Viernes de la XIV Semana Ordinaria

Mt 10,16-23

Jesús nos previene que lo normal es que el anuncio del reino de Dios, incluso su misma presencia en la sociedad, nos vaya a acarrear dificultades serias, Hasta dentro de nuestras familias podremos encontrar oposición al Evangelio. En tales circunstancias necesitaremos practicar dos virtudes: la sagacidad y la sencillez.

La sagacidad es necesaria para descubrir dónde está el peligro. Hemos de pedir a Dios inteligencia para descubrir los engaños del mal consejero y ayuda y ayuda para protegernos de ellos. Porque frecuentemente el mal viene disfrazado bajo capa de bien.

La sencillez es contraria a la doblez, contraria a todo comportamiento que proclama una intención noble y sólo sirve para esconder la injusticia, la ambición o la vanidad Es la virtud a la que se suele llamar la pureza de intención. Bienaventurados los limpios de corazón, dijo Jesús. Así actuaba Él mismo: con sagacidad y un corazón limpio y sencillo.

Pidamos al Señor poder seguirle en la práctica de estas dos virtudes.

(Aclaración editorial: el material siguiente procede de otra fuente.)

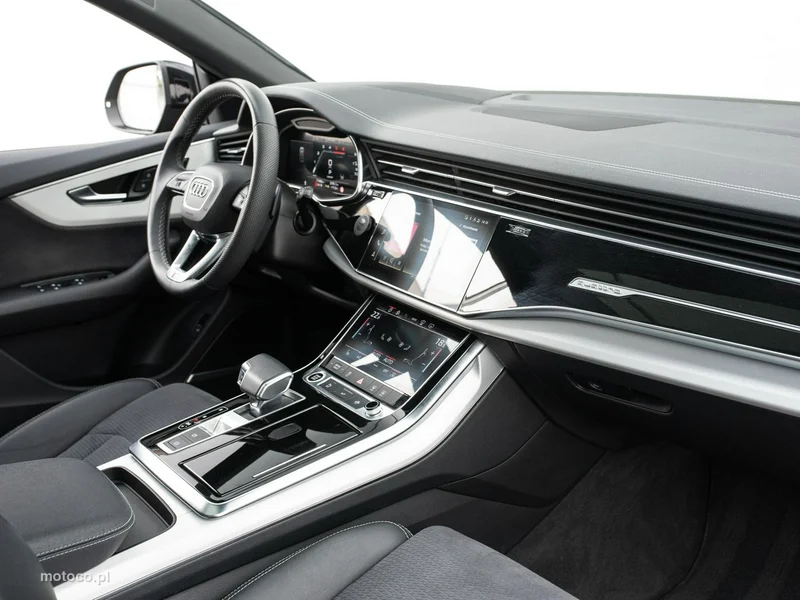 Audi Q8 4M 29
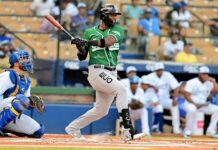 Estrellas renuevan contrato con Lewin Díaz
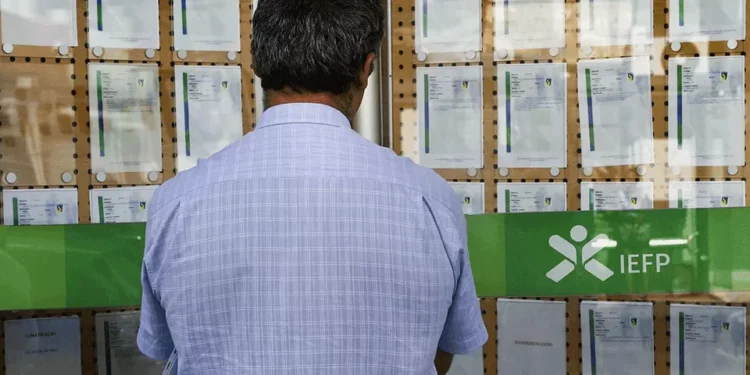 Despedimentos coletivos sobem 17% até setembro e mantêm valor mais alto desde 2020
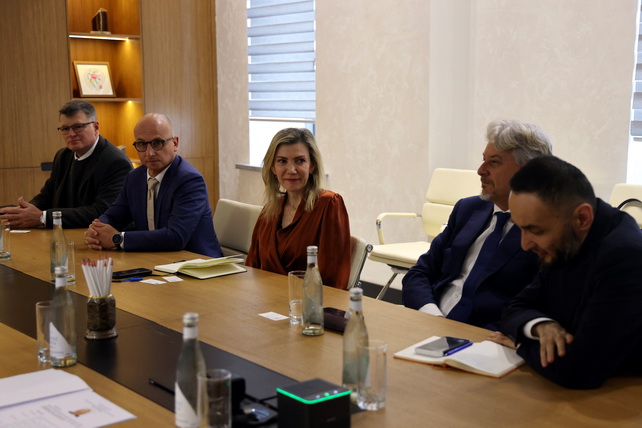 Первый замминистра горной промышленности Узбекистана обсудила сотрудничество с Endeavour Mining и In2Metals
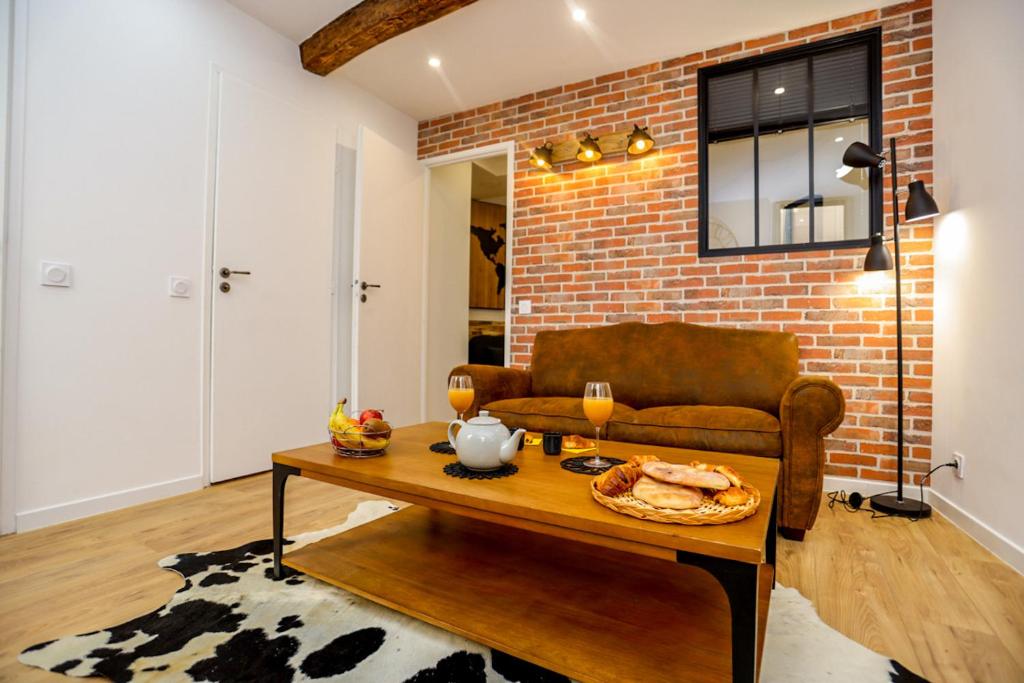 Appartement Superbe Appartement - Hyper Centre - 2 Chambres - WIFI Etage 3 5 Rue Mougins Roquefort 06130 Grasse
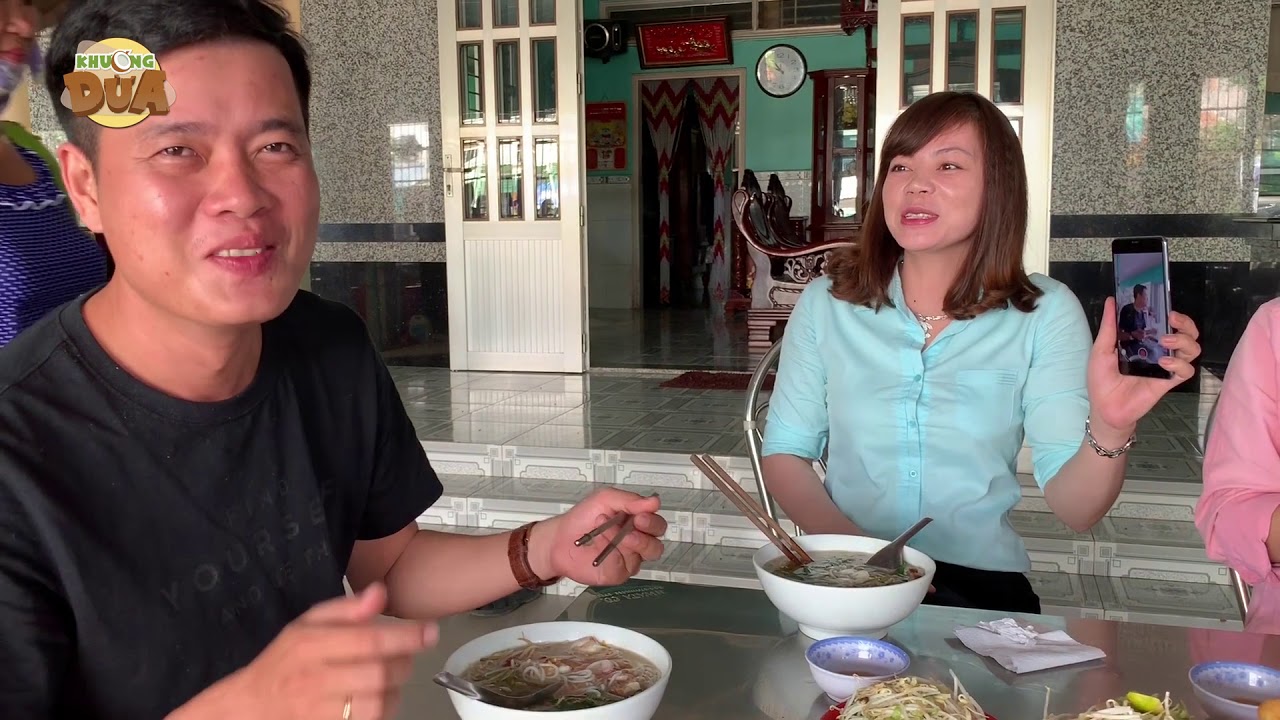 Khương Dừa được "nữ đại gia" Sóc Trăng mời ăn đặc sản bún nước lèo!!!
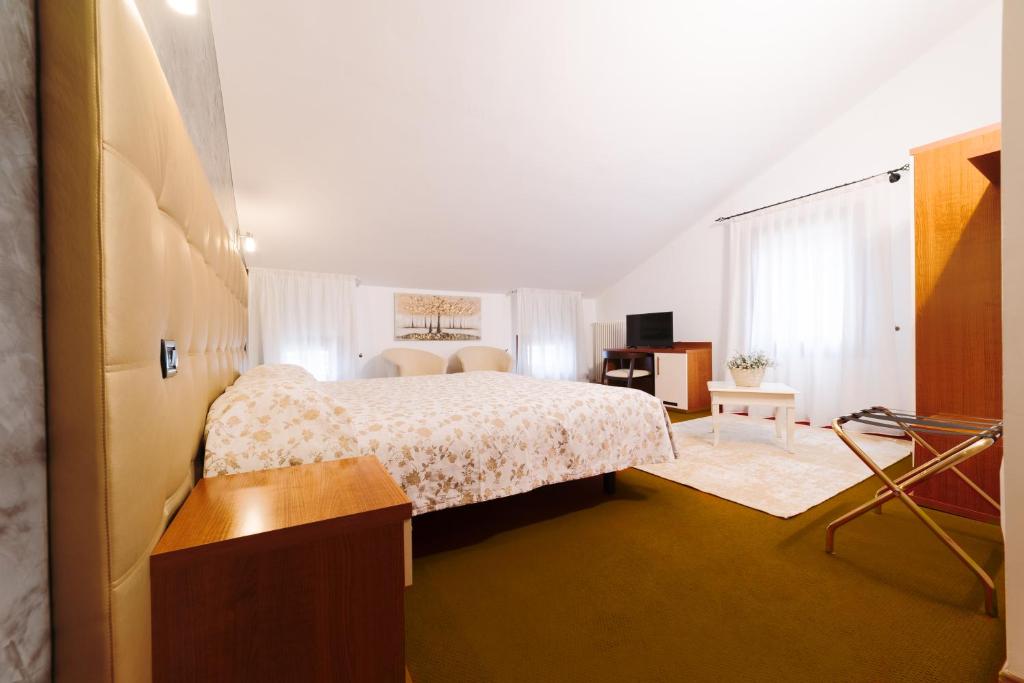 Postel nebo postele na pokoji v ubytování Hotel Roma
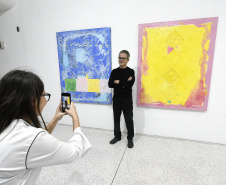 Quem visitar o Museu Oscar Niemeyer no domingo, dia 18, poderá aproveitar a programação especial da equipe do Educativo. Das 11h às 17h, acontecerá a oficina Pintura em Acrílica, no Subsolo. Já às 16 horas, a equipe do Educativo mediará uma visita à exposição Declaração de Princípios. Foto: Kraw Penas/SECC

Jueves de la XIV Semana Ordinaria

Mt 10,7-15

Jesús envía a sus apóstoles a predicar el Reino de los cielos, el Reino de Dios, lo mismo que él predicaba. Para reforzar su predicación les da poder de hacer milagros. Es sublime la noticia que nos ha traído Jesús. Nos asegura que Dios no se conforma con habernos creado y regalarnos la vida humana. Quiere mantener unas relaciones muy estrechas con nosotros. Está dispuesto a ser nuestro Rey y Señor. Nos pide que aceptemos con gusto su estupenda propuesta y le nombremos el Rey y Señor de nuestra vida. Que le dejemos que guíe nuestros pasos, nuestra vida entera. Que no caigamos en la torpeza de nombrar a alguien o a algo de lo creado como nuestro Dios y Rey. Jamás nos darán lo que el Señor nos puede dar. Nuestro Dios nos hará el regalo de su amor, de su luz, de su propio Hijo… Si le dejamos que reine y dirija nuestra vida nos llevará por buenos caminos, nos guiará siempre por las sendas que nos conducen a la alegría de vivir ya en nuestra estancia terrena, antes de regalarnos para siempre la vida de total felicidad después de nuestra resurrección.

Al que escuche la predicación de los apóstoles y acepte el reinado de Dios en su vida, la paz invadirá su corazón. La relación con Dios, con todo lo que lleva consigo, será capaz de sosegar nuestro corazón, de disipar nuestras dudas y miedos, de… regalarnos su paz.

Las últimas palabras que pronuncia Jesús en el evangelio de hoy, nos parecen duras. Pero, a poco que reflexionemos, no son más que las consecuencias que sufrirán los que libremente rechacen a Dios y a todo lo que él nos ofrece.

Miércoles de la XIV Semana Ordinaria

Mt 10,1-7

Los tres sinópticos narran la elección de los doce apóstoles. Lucas precisa que lo hizo después de pasar la noche orando. Fue una elección pensada y orada. Había otros que seguían a Jesús. En los Hechos de los apóstoles, se dice que, para sustituir a Judas, el traidor, los once incorporaron al Colegio apostólico a Matías, “uno de los que nos acompañaron todo el tiempo en que convivió con nosotros el Señor Jesús”; así Pedro precisa la elección a los once (He 1,21). Jesús podía haberlo elegido apóstol, en vez de Judas Iscariote. No lo hizo. Desde el inicio, la Iglesia, que en sus comienzos se realiza en los apóstoles, estuvo conformada con personas imperfectas, no es una asociación de “puros”.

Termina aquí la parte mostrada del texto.